05_logging.py: Verify that print() and logging are fully captured.
Demonstrates:
- print() output captured via thread-local stdout intercept
- logging.debug / .info / .warning / .error captured via root log handler
- Both sources end up as task_log events in events.jsonl (and task.log)
After running locally you can inspect the captured output at:
~/.dagy/runs/<run_id>/events.jsonl ← all events for the run
~/.dagy/runs/<run_id>/task_runs/<id>/events.jsonl ← per-task events
Three-stage pipeline:
generate_dataset → validate_records → summarise_results
"""
import logging
import random
import time
from dagy import flow, task
logger = logging.getLogger(__name__)
# ─── Tasks ────────────────────────────────────────────────────────────────────
@task
def generate_dataset(n: int) -> list[dict]:
"""Step 1: produce a synthetic dataset and log its creation."""
print(f"[generate_dataset] generating {n} records")
records = [{"id": i, "value": i * 3, "valid": i % 5 != 0} for i in range(1, n + 1)]
time.sleep(random.uniform(0.5, 5.0))
logger.debug("raw records: %s", records)
logger.info("generated %d records (%d valid)", n, sum(r["valid"] for r in records))
print(f"[generate_dataset] done - {len(records)} records ready")
return records
@task
def validate_records(records: list[dict]) -> dict:
"""Step 2: split records into valid/invalid and warn on each rejected one."""
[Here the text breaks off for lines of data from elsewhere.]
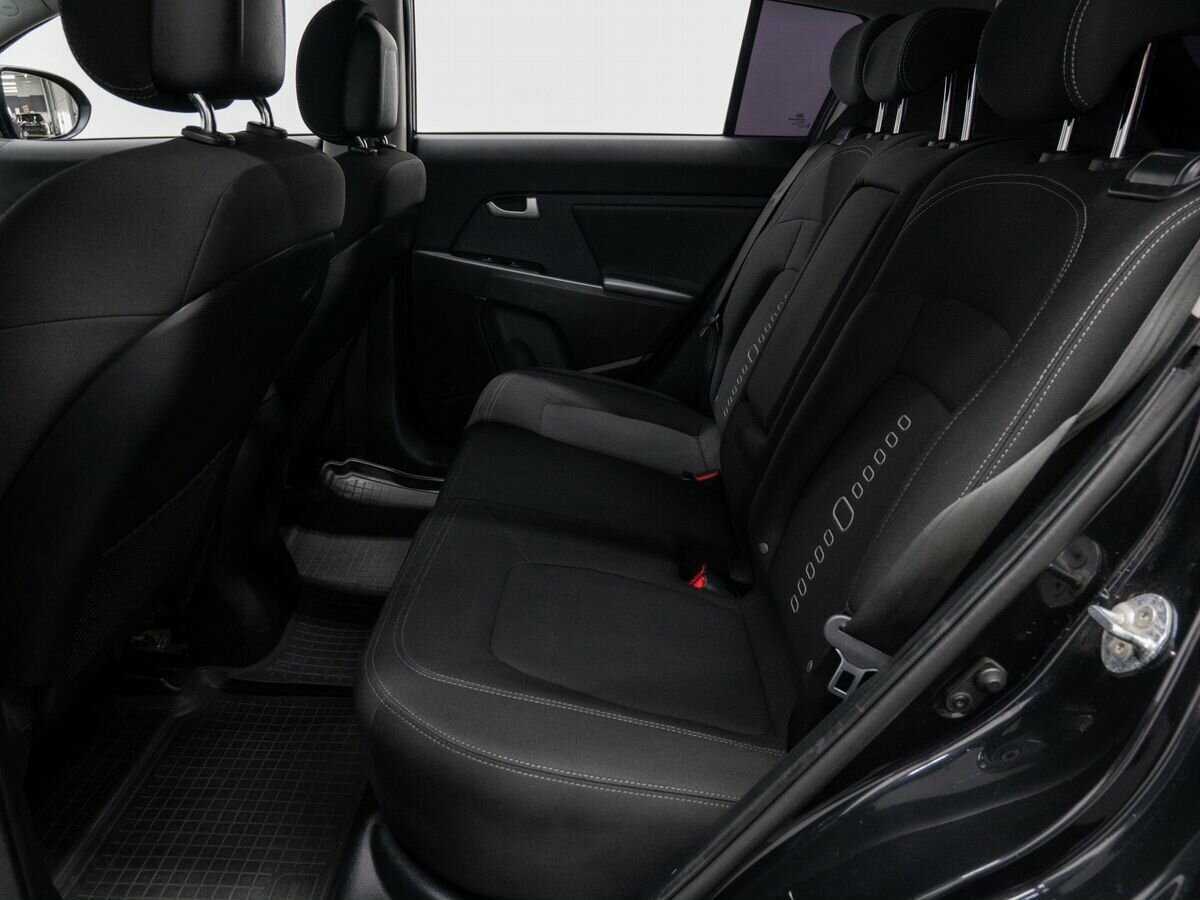 Kia Sportage с пробегом — 2012 год. Фото: #12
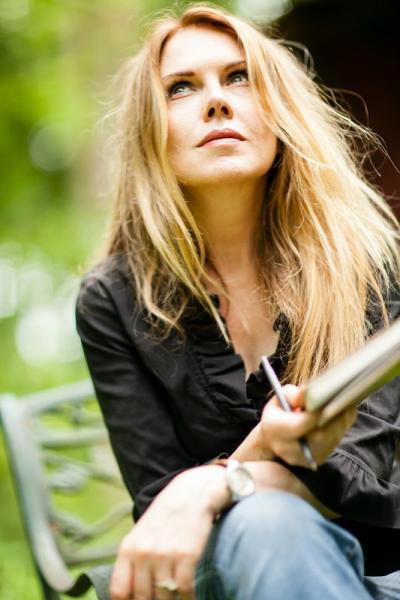 Mary Fahl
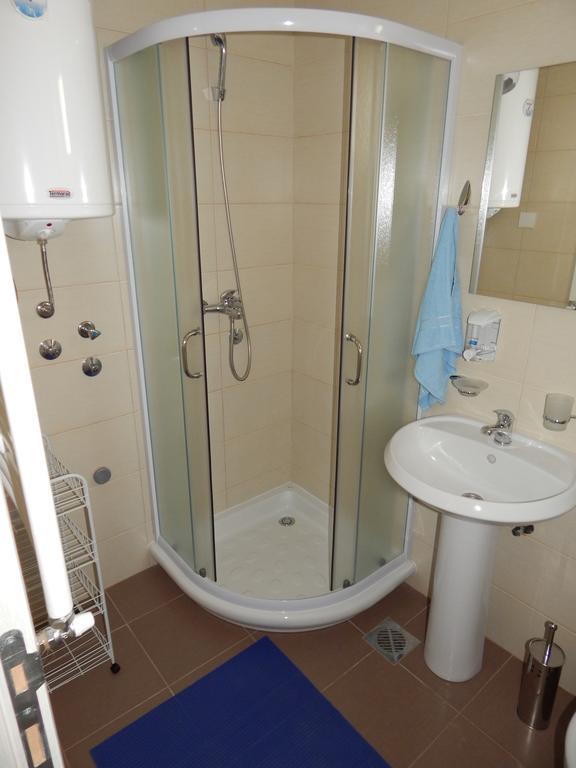 Apartments Center Kg Kragujevac Rom bilde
print(f"[validate_records] validating {len(records)} records")
time.sleep(random.uniform(0.3, 5.0))
valid, invalid = [], []
for r in records:
if r["valid"]:
valid.append(r)
else:
invalid.append(r)
logger.warning("rejected record id=%d (value=%d)", r["id"], r["value"])
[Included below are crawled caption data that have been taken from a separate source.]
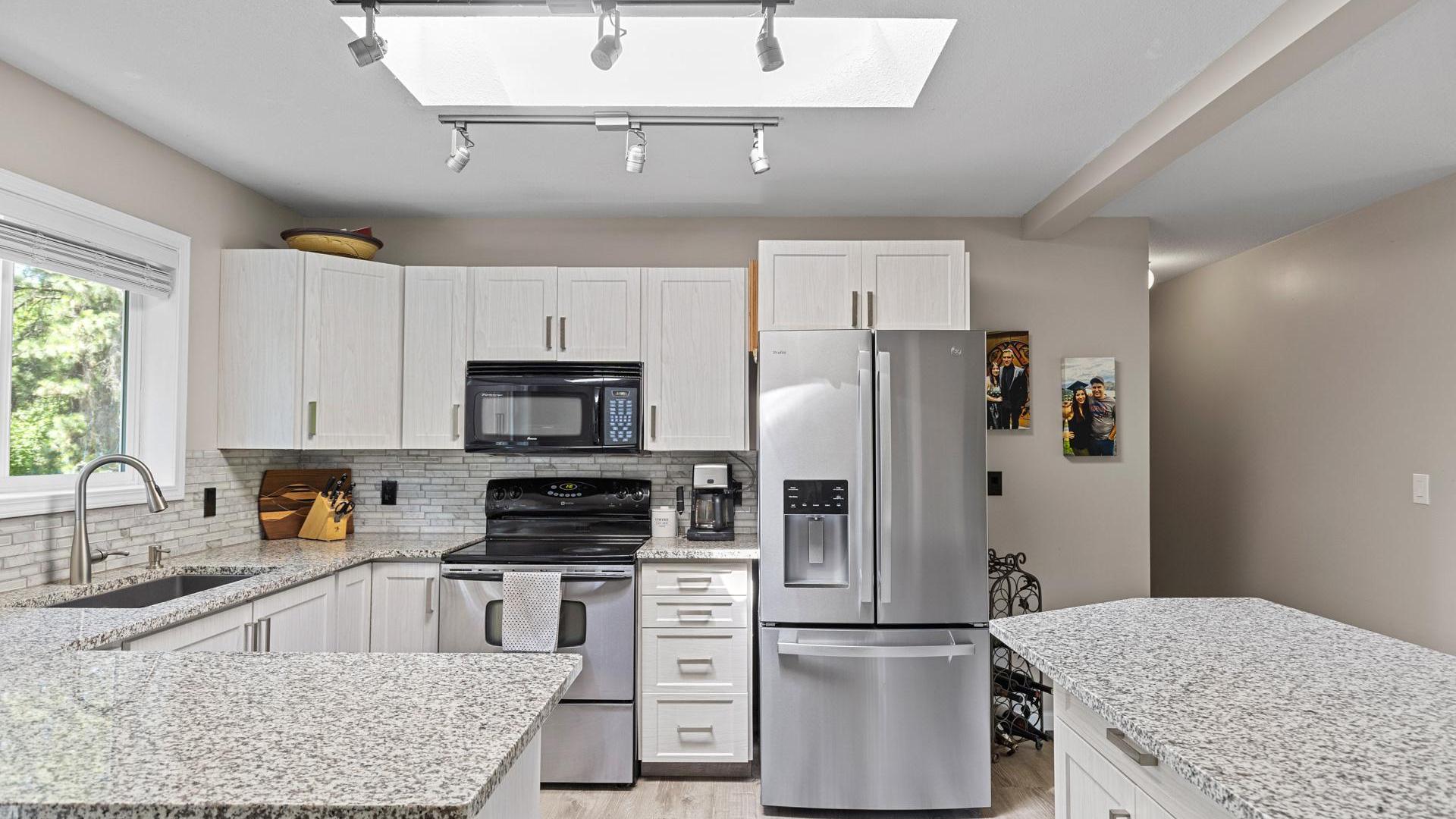 









3424


East Boundary

Road,
Westbank,




BC
V4T 2H4

logger.info("validation complete: %d accepted, %d rejected", len(valid), len(invalid))
print(f"[validate_records] accepted={len(valid)} rejected={len(invalid)}")
return {"valid": valid, "invalid": invalid, "total": len(records)}
@task
def summarise_results(report: dict, threshold: float) -> str:
"""Step 3: compute pass-rate and emit an error log if it falls below the threshold."""
valid_count = len(report["valid"])
total = report["total"]
pass_rate = valid_count / total if total else 0.0
print(f"[summarise_results] pass_rate={pass_rate:.1%} threshold={threshold:.1%}")
time.sleep(random.uniform(0.2, 5.0))
logger.debug("full report: %s", report)
if pass_rate < threshold:
logger.error(
"pass rate %.1f%% is below threshold %.1f%%",
pass_rate * 100,
threshold * 100,
)
else:
logger.info("pass rate %.1f%% meets threshold %.1f%%", pass_rate * 100, threshold * 100)
summary = (
f"total={total} valid={valid_count} "
f"invalid={len(report['invalid'])} pass_rate={pass_rate:.1%}"
)
print(f"[summarise_results] {summary}")
return summary
# ─── Flow ─────────────────────────────────────────────────────────────────────
@flow(name="logging_test")
def logging_test_flow(n: int = 12, threshold: float = 0.75) -> None:
"""Pipeline whose only purpose is to exercise the log capture system."""
records = generate_dataset(n)
report = validate_records(records)
summarise_results(report, threshold)
# ─── Entry point ──────────────────────────────────────────────────────────────
if __name__ == "__main__":
# Lower the root logger level so that debug/info/warning/error all flow
# through the DAGY capture handler and appear in events.jsonl.
logging.basicConfig(level=logging.DEBUG, format="%(levelname)s %(name)s: %(message)s")
result = logging_test_flow.deploy(
name="logging-test",
schedule="*/5 * * * *",
timezone="Asia/Kolkata",
)
# LocalRunContext (no API configured) exposes run_id and status directly.
# _DeployResult (remote API) exposes flow_name / deployment_name.
if hasattr(result, "run_id"):
print(f"\nrun_id : {result.run_id}")
print(f"status : {result.status}")
print(f"\nLog files written to:")
print(f" ~/.dagy/runs/{result.run_id}/events.jsonl")
print(f" ~/.dagy/runs/{result.run_id}/run.log")
else:
print(f"Deployed : {result.flow_name}:{result.flow_version}")
print(f"Deployment: {result.deployment_name}")How it works
- `generate_dataset` creates synthetic records and logs via both `print()` and `logging`.
- `validate_records` splits records into valid/invalid, warning on each rejection.
- `summarise_results` computes a pass rate and emits an error log if below threshold.
- DAGY intercepts stdout via a thread-local redirect and attaches a root log handler.
- All captured output is written to `events.jsonl` for each task run.
Inputs
- `n` (int, default `12`): number of records to generate.
- `threshold` (float, default `0.75`): minimum pass rate.
Outputs
- A summary string with total, valid, invalid counts, and pass rate.
- Log events written to `~/.dagy/runs/<run_id>/events.jsonl`.
Dependencies
`dagy`, `logging` (stdlib), `random` (stdlib), `time` (stdlib)